§ WHAT NEEDS TO BE DONE: Exact copies of all the lines below are required, with the pictures omitted.

[[ RECORDED DATA open ]]

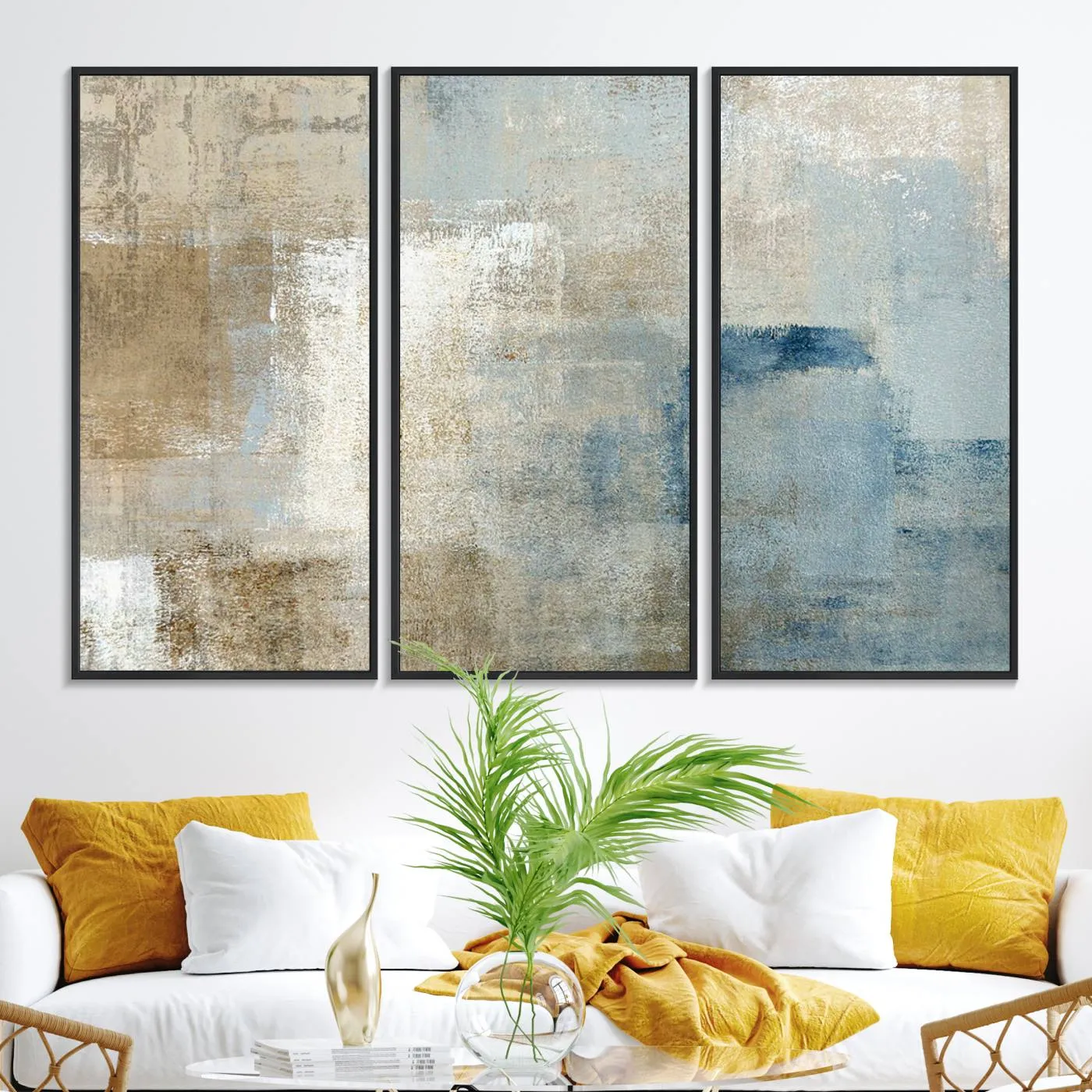Abstract Blue and Beige Wall Art, Modern Minimalist Canvas Print Set, Giclee Textured Art, Large Multi-Panel Artwork for Living Room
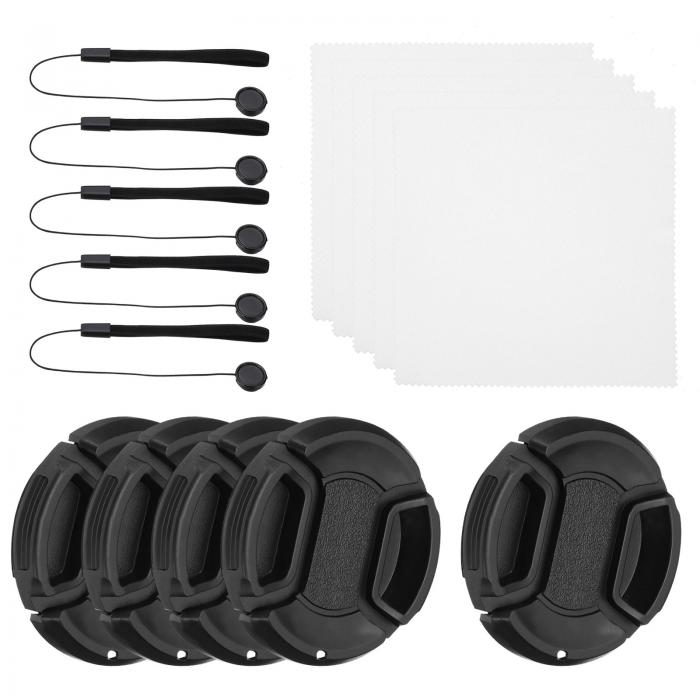 PATIKIL 43 mm レンズキャップセット 5個パック サイドピンチスナップカメラレンズカバー フロントレンズ用 クリーニングクロスと紛失防止キーパーリーシュ付き 43 mmスレッドユニバーサルDSLRレンズに最適 黒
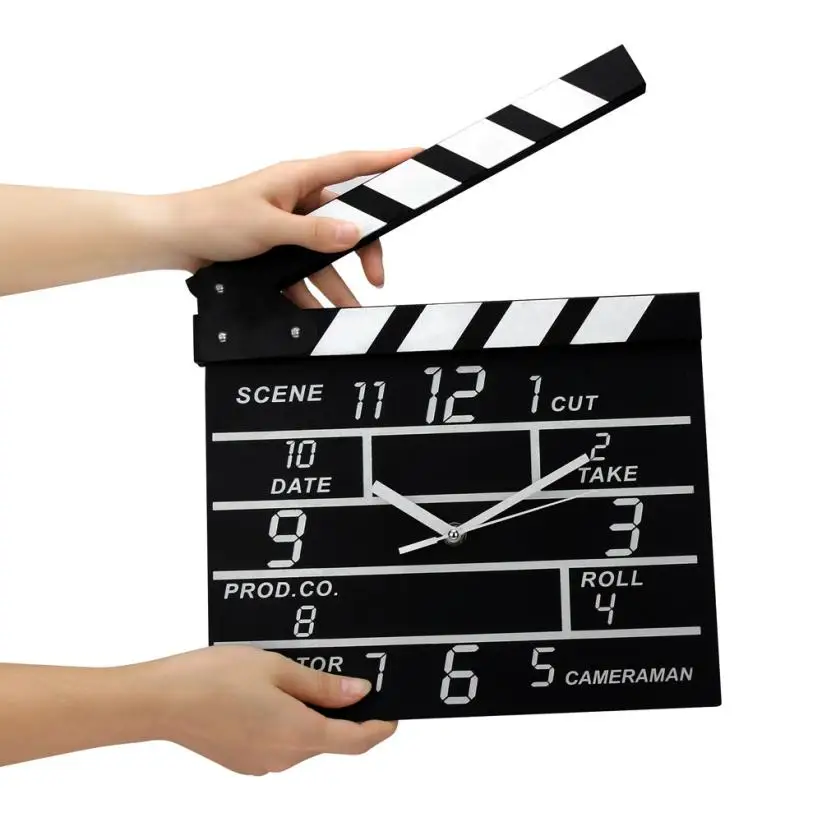 

Hot sale Cinema Movie Slate Analog Wall Clock Clapper Film Modern Home Black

[[ RECORDED DATA closed ]]

§ EXERCISE RESULT:
Abstract Blue and Beige Wall Art, Modern Minimalist Canvas Print Set, Giclee Textured Art, Large Multi-Panel Artwork for Living Room
 PATIKIL 43 mm レンズキャップセット 5個パック サイドピンチスナップカメラレンズカバー フロントレンズ用 クリーニングクロスと紛失防止キーパーリーシュ付き 43 mmスレッドユニバーサルDSLRレンズに最適 黒

Hot sale Cinema Movie Slate Analog Wall Clock Clapper Film Modern Home Black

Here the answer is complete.